Nvidia Releases Nemotron 3 Nano Omni: An Open Multimodal Model with 30B Params, 3B Active for Edge AI Agents
Nvidia is no longer just selling the shovels. Nemotron 3 Nano Omni is the company’s most aggressive move into AI models.
Summary
On April 28, 2026, Nvidia released Nemotron 3 Nano Omni, an open-weight multimodal AI model that unifies vision, audio, and language understanding in a single architecture designed for edge devices. The model boasts:
- 30 billion parameters
- 3 billion active parameters per inference through a mixture-of-experts design
- 9x higher throughput than comparable open models
- 2.9x faster single-stream reasoning on multimodal tasks
- 9x greater effective system capacity for video reasoning
This model tops six benchmarks across document intelligence, video understanding, and audio comprehension, processing text, images, audio, video, documents, charts, and graphical interfaces as inputs and producing text as output.

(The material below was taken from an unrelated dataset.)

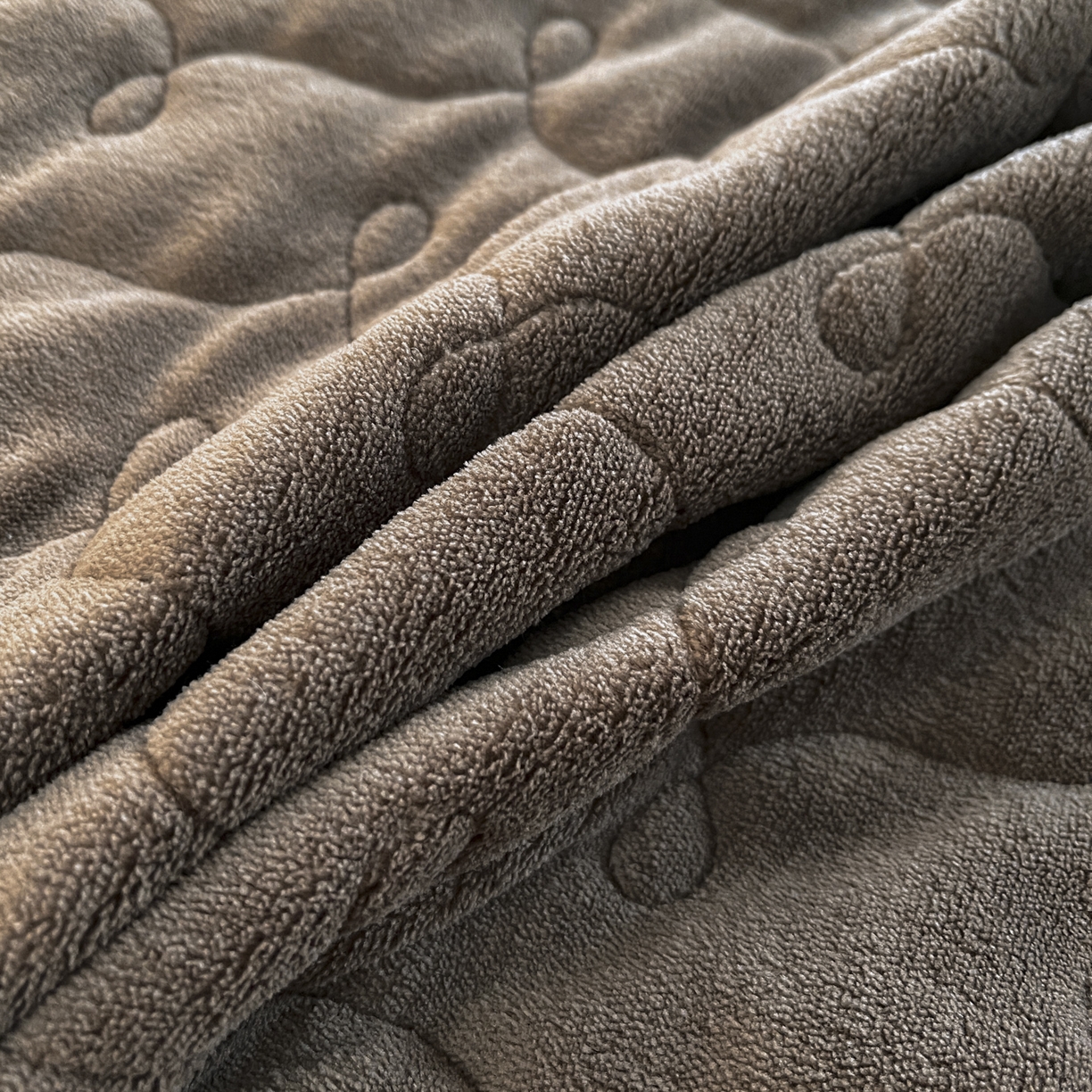 91家纺网 家纺一手货源 找家纺 恋尚 2025新款懒兔毛绒夹棉牛奶绒床笠式床裙四件套（控价238元起） 斑蝶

Available under Nvidia’s Open Model Agreement with full commercial use rights on Hugging Face, this release marks a significant step for Nvidia from infrastructure to AI model development.
The Architecture
Nemotron 3 Nano Omni employs a hybrid Mamba-Transformer architecture:
- 23 Mamba-2 selective state-space layers
- 23 mixture-of-experts layers with 128 experts routing to six per token plus a shared expert
- Six grouped-query attention layers
The design prioritizes maximizing capability per active parameter for edge deployment, where compute is limited per inference step.